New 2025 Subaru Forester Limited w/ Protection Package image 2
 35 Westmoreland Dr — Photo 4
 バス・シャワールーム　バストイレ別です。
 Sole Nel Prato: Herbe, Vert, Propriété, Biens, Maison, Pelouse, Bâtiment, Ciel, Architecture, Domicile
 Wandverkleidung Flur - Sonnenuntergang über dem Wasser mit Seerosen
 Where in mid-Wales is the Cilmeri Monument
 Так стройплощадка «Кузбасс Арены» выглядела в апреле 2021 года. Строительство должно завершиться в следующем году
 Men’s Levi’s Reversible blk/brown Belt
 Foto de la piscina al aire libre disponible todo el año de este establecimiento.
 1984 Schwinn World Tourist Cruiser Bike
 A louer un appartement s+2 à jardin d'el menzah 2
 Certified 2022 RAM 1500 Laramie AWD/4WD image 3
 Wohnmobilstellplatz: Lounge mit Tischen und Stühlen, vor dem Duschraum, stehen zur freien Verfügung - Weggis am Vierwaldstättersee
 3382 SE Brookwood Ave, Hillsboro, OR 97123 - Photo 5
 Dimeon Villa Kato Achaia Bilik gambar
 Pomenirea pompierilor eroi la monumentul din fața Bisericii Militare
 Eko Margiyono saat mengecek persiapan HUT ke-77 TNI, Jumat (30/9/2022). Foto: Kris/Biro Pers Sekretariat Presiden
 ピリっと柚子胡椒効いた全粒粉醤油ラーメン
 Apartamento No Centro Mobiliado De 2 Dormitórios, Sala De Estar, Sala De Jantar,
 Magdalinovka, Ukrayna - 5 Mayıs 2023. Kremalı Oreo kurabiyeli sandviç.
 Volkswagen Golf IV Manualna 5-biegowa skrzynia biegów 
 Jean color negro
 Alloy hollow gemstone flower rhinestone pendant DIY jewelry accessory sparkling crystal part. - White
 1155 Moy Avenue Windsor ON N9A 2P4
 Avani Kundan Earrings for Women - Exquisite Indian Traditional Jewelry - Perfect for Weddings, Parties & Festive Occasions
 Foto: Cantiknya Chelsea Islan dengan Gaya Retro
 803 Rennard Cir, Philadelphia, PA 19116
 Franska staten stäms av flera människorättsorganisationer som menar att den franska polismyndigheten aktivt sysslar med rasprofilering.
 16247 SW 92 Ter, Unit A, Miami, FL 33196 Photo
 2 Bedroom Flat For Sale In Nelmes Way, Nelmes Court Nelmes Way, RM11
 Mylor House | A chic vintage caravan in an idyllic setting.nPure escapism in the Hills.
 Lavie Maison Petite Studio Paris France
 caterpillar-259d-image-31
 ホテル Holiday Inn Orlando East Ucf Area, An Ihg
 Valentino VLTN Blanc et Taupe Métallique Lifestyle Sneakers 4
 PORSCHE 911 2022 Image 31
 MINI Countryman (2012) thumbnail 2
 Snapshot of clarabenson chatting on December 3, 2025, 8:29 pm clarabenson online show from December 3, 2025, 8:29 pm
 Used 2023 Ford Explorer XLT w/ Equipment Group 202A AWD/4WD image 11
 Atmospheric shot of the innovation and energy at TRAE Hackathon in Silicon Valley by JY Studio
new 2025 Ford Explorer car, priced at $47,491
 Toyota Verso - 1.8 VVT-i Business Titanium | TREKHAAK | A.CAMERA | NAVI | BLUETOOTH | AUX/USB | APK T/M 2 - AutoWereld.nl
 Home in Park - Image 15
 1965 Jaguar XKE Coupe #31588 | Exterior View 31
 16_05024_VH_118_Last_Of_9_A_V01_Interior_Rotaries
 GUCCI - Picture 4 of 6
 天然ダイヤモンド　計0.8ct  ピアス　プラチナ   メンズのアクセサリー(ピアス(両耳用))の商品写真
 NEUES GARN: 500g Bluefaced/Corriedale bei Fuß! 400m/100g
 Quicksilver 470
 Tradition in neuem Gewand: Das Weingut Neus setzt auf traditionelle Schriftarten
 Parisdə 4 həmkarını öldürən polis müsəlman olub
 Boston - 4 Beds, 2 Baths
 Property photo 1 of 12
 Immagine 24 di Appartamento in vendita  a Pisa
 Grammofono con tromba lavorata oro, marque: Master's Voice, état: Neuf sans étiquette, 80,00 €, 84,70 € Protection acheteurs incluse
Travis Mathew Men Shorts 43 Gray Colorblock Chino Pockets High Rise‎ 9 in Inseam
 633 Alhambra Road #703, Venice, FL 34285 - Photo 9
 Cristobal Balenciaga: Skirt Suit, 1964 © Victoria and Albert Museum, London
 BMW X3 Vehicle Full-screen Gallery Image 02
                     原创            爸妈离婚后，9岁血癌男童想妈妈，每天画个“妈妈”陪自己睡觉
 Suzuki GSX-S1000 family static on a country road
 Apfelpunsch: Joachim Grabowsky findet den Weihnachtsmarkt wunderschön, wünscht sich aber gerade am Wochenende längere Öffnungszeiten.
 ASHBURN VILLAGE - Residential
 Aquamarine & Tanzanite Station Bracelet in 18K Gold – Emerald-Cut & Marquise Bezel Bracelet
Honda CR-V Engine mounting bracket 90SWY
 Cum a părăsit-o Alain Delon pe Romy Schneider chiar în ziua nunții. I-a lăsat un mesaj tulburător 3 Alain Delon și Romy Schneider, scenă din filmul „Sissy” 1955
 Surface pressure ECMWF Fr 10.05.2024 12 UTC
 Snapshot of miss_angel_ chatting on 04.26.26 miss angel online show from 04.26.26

____

Exercise brief -> The material above must be output in full. Keep every word as it is.

Output for this exercise ->
New 2025 Subaru Forester Limited w/ Protection Package image 2
 35 Westmoreland Dr — Photo 4
 バス・シャワールーム　バストイレ別です。
 Sole Nel Prato: Herbe, Vert, Propriété, Biens, Maison, Pelouse, Bâtiment, Ciel, Architecture, Domicile
 Wandverkleidung Flur - Sonnenuntergang über dem Wasser mit Seerosen
 Where in mid-Wales is the Cilmeri Monument
 Так стройплощадка «Кузбасс Арены» выглядела в апреле 2021 года. Строительство должно завершиться в следующем году
 Men’s Levi’s Reversible blk/brown Belt
 Foto de la piscina al aire libre disponible todo el año de este establecimiento.
 1984 Schwinn World Tourist Cruiser Bike
 A louer un appartement s+2 à jardin d'el menzah 2
 Certified 2022 RAM 1500 Laramie AWD/4WD image 3
 Wohnmobilstellplatz: Lounge mit Tischen und Stühlen, vor dem Duschraum, stehen zur freien Verfügung - Weggis am Vierwaldstättersee
 3382 SE Brookwood Ave, Hillsboro, OR 97123 - Photo 5
 Dimeon Villa Kato Achaia Bilik gambar
 Pomenirea pompierilor eroi la monumentul din fața Bisericii Militare
 Eko Margiyono saat mengecek persiapan HUT ke-77 TNI, Jumat (30/9/2022). Foto: Kris/Biro Pers Sekretariat Presiden
 ピリっと柚子胡椒効いた全粒粉醤油ラーメン
 Apartamento No Centro Mobiliado De 2 Dormitórios, Sala De Estar, Sala De Jantar,
 Magdalinovka, Ukrayna - 5 Mayıs 2023. Kremalı Oreo kurabiyeli sandviç.
 Volkswagen Golf IV Manualna 5-biegowa skrzynia biegów 
 Jean color negro
 Alloy hollow gemstone flower rhinestone pendant DIY jewelry accessory sparkling crystal part. - White
 1155 Moy Avenue Windsor ON N9A 2P4
 Avani Kundan Earrings for Women - Exquisite Indian Traditional Jewelry - Perfect for Weddings, Parties & Festive Occasions
 Foto: Cantiknya Chelsea Islan dengan Gaya Retro
 803 Rennard Cir, Philadelphia, PA 19116
 Franska staten stäms av flera människorättsorganisationer som menar att den franska polismyndigheten aktivt sysslar med rasprofilering.
 16247 SW 92 Ter, Unit A, Miami, FL 33196 Photo
 2 Bedroom Flat For Sale In Nelmes Way, Nelmes Court Nelmes Way, RM11
 Mylor House | A chic vintage caravan in an idyllic setting.nPure escapism in the Hills.
 Lavie Maison Petite Studio Paris France
 caterpillar-259d-image-31
 ホテル Holiday Inn Orlando East Ucf Area, An Ihg
 Valentino VLTN Blanc et Taupe Métallique Lifestyle Sneakers 4
 PORSCHE 911 2022 Image 31
 MINI Countryman (2012) thumbnail 2
 Snapshot of clarabenson chatting on December 3, 2025, 8:29 pm clarabenson online show from December 3, 2025, 8:29 pm
 Used 2023 Ford Explorer XLT w/ Equipment Group 202A AWD/4WD image 11
 Atmospheric shot of the innovation and energy at TRAE Hackathon in Silicon Valley by JY Studio
new 2025 Ford Explorer car, priced at $47,491
 Toyota Verso - 1.8 VVT-i Business Titanium | TREKHAAK | A.CAMERA | NAVI | BLUETOOTH | AUX/USB | APK T/M 2 - AutoWereld.nl
 Home in Park - Image 15
 1965 Jaguar XKE Coupe #31588 | Exterior View 31
 16_05024_VH_118_Last_Of_9_A_V01_Interior_Rotaries
 GUCCI - Picture 4 of 6
 天然ダイヤモンド　計0.8ct  ピアス　プラチナ   メンズのアクセサリー(ピアス(両耳用))の商品写真
 NEUES GARN: 500g Bluefaced/Corriedale bei Fuß! 400m/100g
 Quicksilver 470
 Tradition in neuem Gewand: Das Weingut Neus setzt auf traditionelle Schriftarten
 Parisdə 4 həmkarını öldürən polis müsəlman olub
 Boston - 4 Beds, 2 Baths
 Property photo 1 of 12
 Immagine 24 di Appartamento in vendita  a Pisa
 Grammofono con tromba lavorata oro, marque: Master's Voice, état: Neuf sans étiquette, 80,00 €, 84,70 € Protection acheteurs incluse
Travis Mathew Men Shorts 43 Gray Colorblock Chino Pockets High Rise‎ 9 in Inseam
 633 Alhambra Road #703, Venice, FL 34285 - Photo 9
 Cristobal Balenciaga: Skirt Suit, 1964 © Victoria and Albert Museum, London
 BMW X3 Vehicle Full-screen Gallery Image 02
                     原创            爸妈离婚后，9岁血癌男童想妈妈，每天画个“妈妈”陪自己睡觉
 Suzuki GSX-S1000 family static on a country road
 Apfelpunsch: Joachim Grabowsky findet den Weihnachtsmarkt wunderschön, wünscht sich aber gerade am Wochenende längere Öffnungszeiten.
 ASHBURN VILLAGE - Residential
 Aquamarine & Tanzanite Station Bracelet in 18K Gold – Emerald-Cut & Marquise Bezel Bracelet
Honda CR-V Engine mounting bracket 90SWY
 Cum a părăsit-o Alain Delon pe Romy Schneider chiar în ziua nunții. I-a lăsat un mesaj tulburător 3 Alain Delon și Romy Schneider, scenă din filmul „Sissy” 1955
 Surface pressure ECMWF Fr 10.05.2024 12 UTC
 Snapshot of miss_angel_ chatting on 04.26.26 miss angel online show from 04.26.26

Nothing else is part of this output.